“Then Peter came to Jesus and asked, ‘Lord, how many times shall I forgive my brother when he sins against me? Up to seven times?’ Jesus answered, ‘I tell you, not seven times, but seventy-seven times.’” Matthew 18:21-22
Following this verse, Jesus gives the all-familiar parable of the servant who was forgiven a debt of 10,000 talents (several million dollars) because he couldn’t pay, and who then turned around and abused a man who owed him a hundred denarii (a few dollars). The point He was making is, sometimes we can be like that servant.
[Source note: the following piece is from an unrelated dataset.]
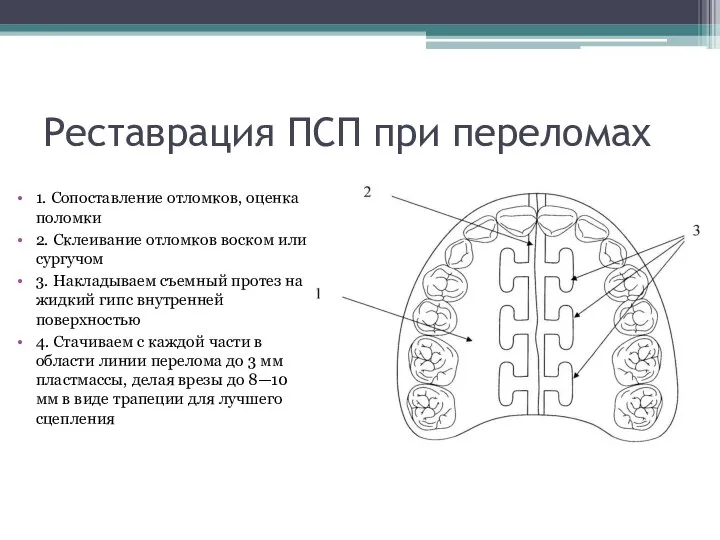 Реставрация ПСП при переломах 1. Сопоставление отломков, оценка поломки 2. Склеивание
Peter thought he was being generous by offering to forgive someone seven times for the same sin. Jewish custom only required you to forgive someone three times. But Jesus says, “not seven times, but seventy-seven times.” (It could also be translated ‘seventy times seven’ – in either case, the intention is that we are to always forgive when someone asks us to, without keeping score.)
How often do we keep holding onto unforgiveness? God does not do this with us, so why do we do it to our fellow man? By doing so, we undervalue the debt that we have been forgiven by God. We could not possibly hope to repay God for what we owe Him. So we should be willing to forgive other people.
Forgiveness is not an emotion, it is a choice. It is a choice to let that wrongdoing go, and not to use it as ammunition against the person in the future. We are to forgive someone in our hearts straightaway, so that when they come to us to ask for forgiveness, we can readily offer it to them. But it is Scriptural not to offer until they ask.